▸ The problem
Find the line with "Disposable Customized Take" in the entries below, then output every line from it down to the line with "Chroma | Moderne", exactly and with no pictures.

▸ Records
*** Block opens ***

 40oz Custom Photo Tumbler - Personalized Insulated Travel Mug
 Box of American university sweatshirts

*** Block closes ***
*** Block opens ***

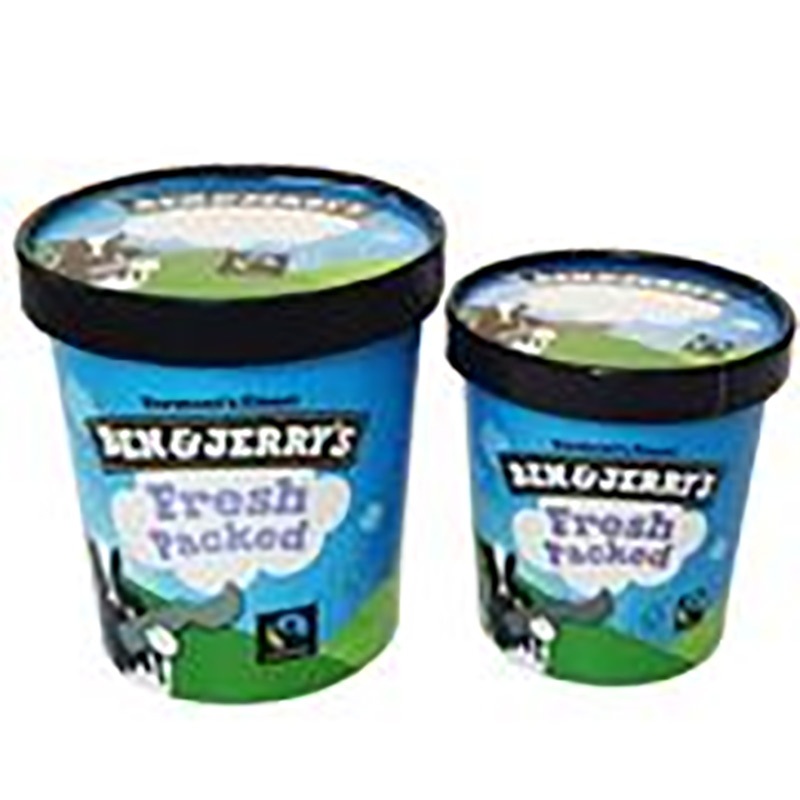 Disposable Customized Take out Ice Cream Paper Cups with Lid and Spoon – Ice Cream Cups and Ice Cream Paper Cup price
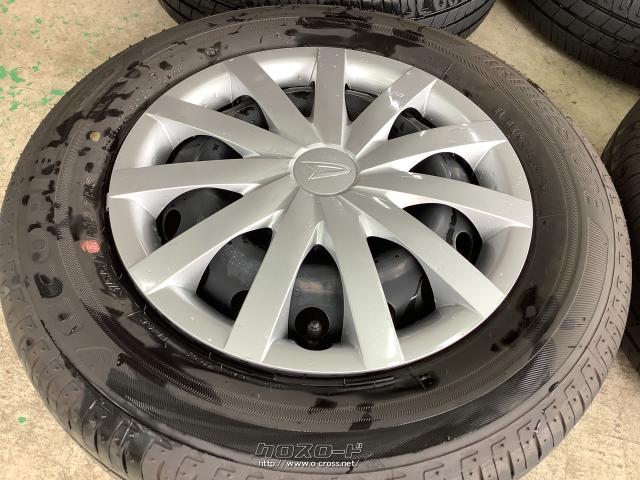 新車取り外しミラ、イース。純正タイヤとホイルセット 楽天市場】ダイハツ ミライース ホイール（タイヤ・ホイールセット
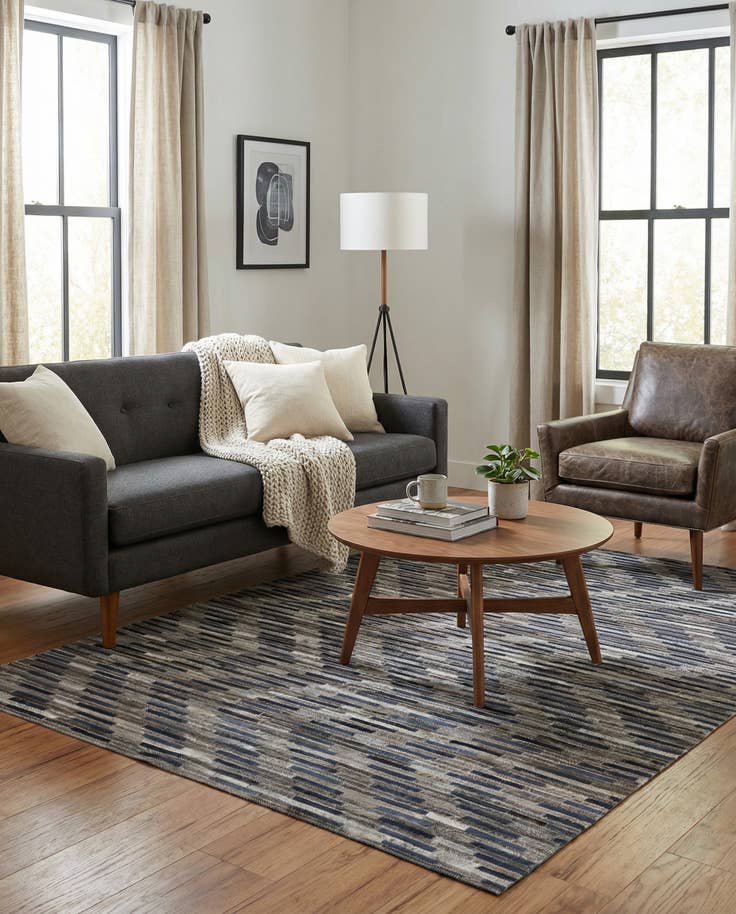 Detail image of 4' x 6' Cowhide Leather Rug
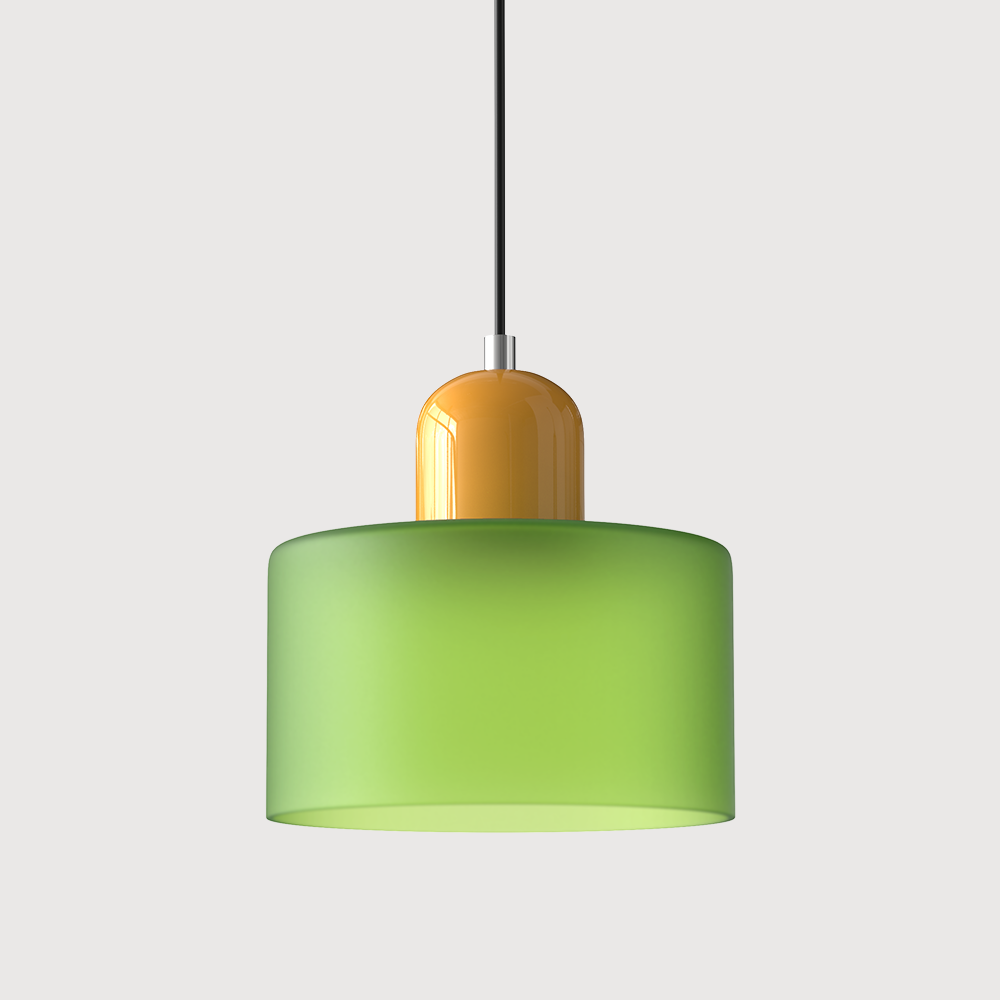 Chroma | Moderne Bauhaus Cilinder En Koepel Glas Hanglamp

*** Block closes ***

▸ Response to the exercise
 Disposable Customized Take out Ice Cream Paper Cups with Lid and Spoon – Ice Cream Cups and Ice Cream Paper Cup price
 新車取り外しミラ、イース。純正タイヤとホイルセット 楽天市場】ダイハツ ミライース ホイール（タイヤ・ホイールセット
 Detail image of 4' x 6' Cowhide Leather Rug
 Chroma | Moderne Bauhaus Cilinder En Koepel Glas Hanglamp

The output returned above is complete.